Pour les élections fédérales, la réforme a regroupé les cantons en circonscriptions représentant les provinces, la moins peuplée comptant quatre représentants (celle du Luxembourg). En vertu du fait que les petites listes sont souvent désavantagées, les grosses listes accumulent les bonus au fil des circonscriptions ; un exemple concret se trouve sur la page consacrée aux résultat des régionales wallonnes de 2019.

De plus, l'imprécision cumulée de chaque circonscription fait que d'une élection à l'autre, la variation du nombre de sièges ne va pas nécessairement dans le sens de la variation en pourcentage des listes : un parti peut gagner en pourcentage global et perdre en nombre de sièges obtenus (ou l'inverse). Nous retrouvons là, à un moindre degré, le problème de répartition du vote majoritaire.

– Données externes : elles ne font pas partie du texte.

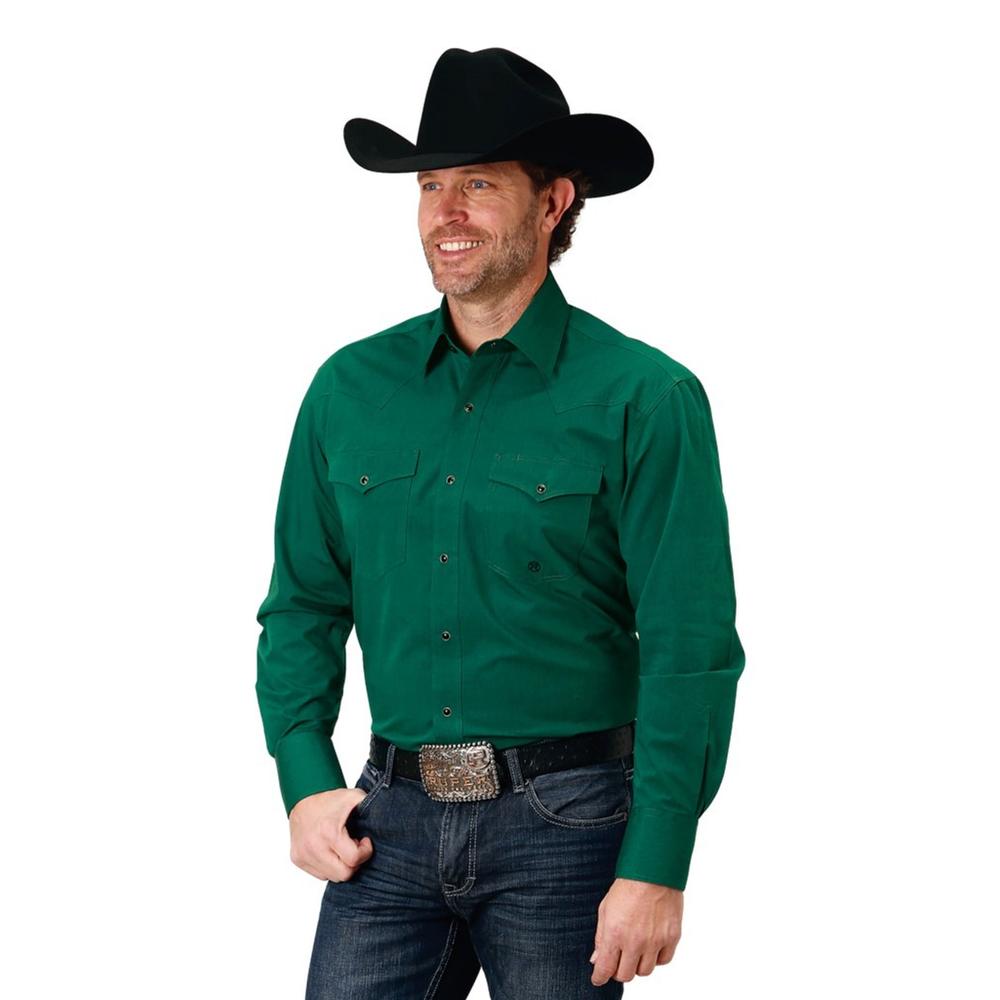 Roper Western Shirt Mens L/S Solid Snap Green 03-001-0765-0184 GR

Concernant les élections provinciales, les cantons électoraux plus petits que la province sont maintenus, mais une décision de justice a fixé à quatre le nombre minimal de sièges par canton. Les trois partis les plus importants à l'époque (PS, MR et cdH) se sont entendus pour mettre en œuvre cette réforme minimale.

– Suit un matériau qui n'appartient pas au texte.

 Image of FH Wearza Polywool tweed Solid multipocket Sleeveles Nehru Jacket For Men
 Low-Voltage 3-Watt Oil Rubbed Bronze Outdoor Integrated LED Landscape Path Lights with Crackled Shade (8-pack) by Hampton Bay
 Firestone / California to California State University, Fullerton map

3.2 Mix proportionnel/majoritaire : les élections municipales françaises

Le scrutin municipal français pour les communes de plus de 3 500 habitants est en même temps proportionnel et majoritaire. Au premier tour (en cas de majorité absolue d'une liste) ou au second tour (même dans le cas du maintien de plusieurs listes), la moitié des représentants est accordée à la liste étant arrivée première, l'autre moitié étant répartie selon les pourcentages de voix des listes. Il en résulte que la liste la plus importante en voix a nécessairement la majorité absolue, ce qui est finalement plus proche du scrutin majoritaire que proportionnel.

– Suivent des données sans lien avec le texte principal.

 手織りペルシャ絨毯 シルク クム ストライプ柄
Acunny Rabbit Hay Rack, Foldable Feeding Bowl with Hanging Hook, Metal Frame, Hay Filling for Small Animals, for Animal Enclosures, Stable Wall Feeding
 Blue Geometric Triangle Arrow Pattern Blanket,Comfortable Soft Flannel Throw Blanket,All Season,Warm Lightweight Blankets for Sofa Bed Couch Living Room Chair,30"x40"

3.3 Le seuil de représentativité : les élections fédérales allemandes de 2013

pourcentagessièges
2009Δ201309Δ13
CDU/CSU33,8%+7,841,6%239+72311
FDP14,6%–9,94,7%93–930
SPD23,0%+2,725,7%146+46192
Linke11,9%–3,38,6%76–1264
Grüne10,7%–2,38,4%68–563
Autres6,0%+5,011,0%000

Afin de décourager la multiplication de petits partis pouvant rendre difficile une majorité gouvernementale, certains scrutins proportionnels sont assortis d'un seuil de représentativité. Le problème politique est que ce sont les (grands) partis au pouvoir qui décident de rendre plus difficile l'éclosion de partis nouveaux, la raison invoquée étant souvent de contenir des groupuscules non démocratiques.

En Allemagne, où plus de 600 sièges sont attribués aux élections fédérales, un sixième de pour cent suffirait pour obtenir un siège. Le seuil d'attribution des sièges étant de 5%, il faut donc 30 fois plus de suffrages pour être représenté.

Ce système peut occasionner de grosses surprises : la coalition CDU-CSU/FDP, qui en 2009 représentait 48,4% et 332 sièges sur 622, totalise 46,3% en 2013 mais seulement 311 sièges sur 630 après la victoire écrasante d'Angela Merkel… sur son partenaire gouvernemental, qui n'obtient plus aucun siège pour être passé sous la barre des 5%.

La coalition est passée de 48,4% à 46,3% des suffrages, soit une baisse de 2,1%. En termes de sièges, les deux partis de droite sont passés de 53,4% des sièges (332/622) à 49,4% (311/630), soit une perte 4%.